→ **EXERCISE PROMPT**
Print the data that follows word for word, leaving out any picture.

→ **DATA EXCERPT**
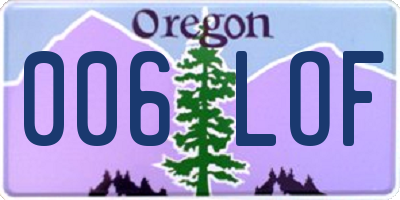 OR license plate 006LOF
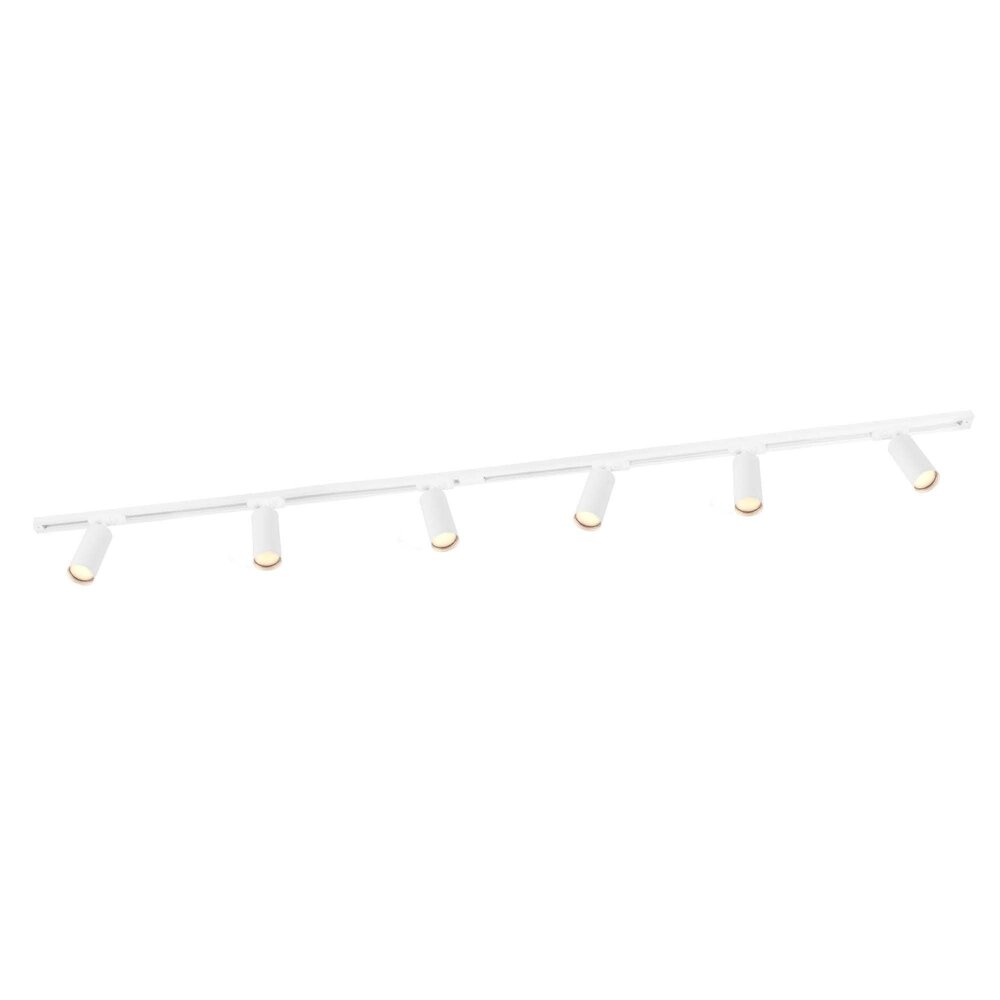 Ledvion 2m LED Track Lighting - 6 Track Spotlights - GU10 - Dimmable - White - Single Circuit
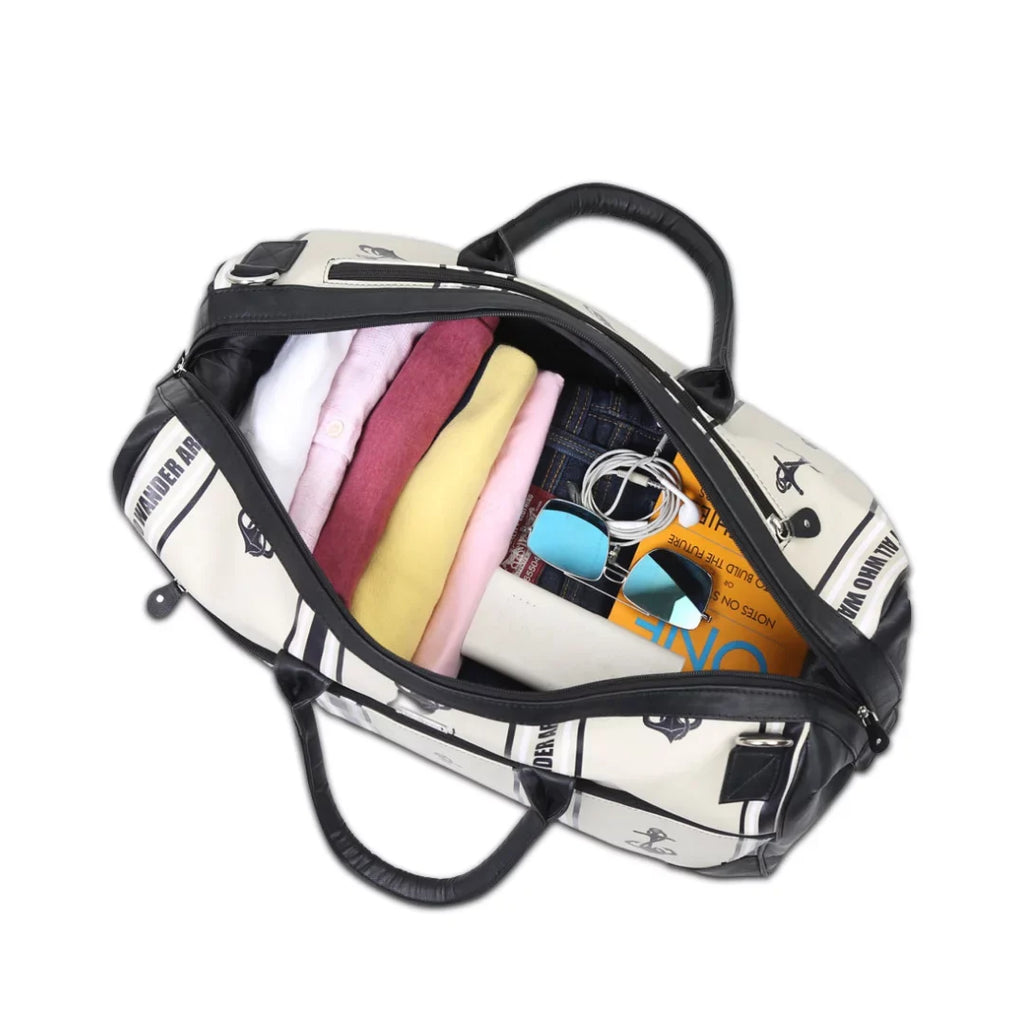with Large Adjustable Unisex Strap with Anchors bag Weekender Shoe Separate Travel Compartment Away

→ **RESPONSE BOX**
 OR license plate 006LOF
 Ledvion 2m LED Track Lighting - 6 Track Spotlights - GU10 - Dimmable - White - Single Circuit
with Large Adjustable Unisex Strap with Anchors bag Weekender Shoe Separate Travel Compartment Away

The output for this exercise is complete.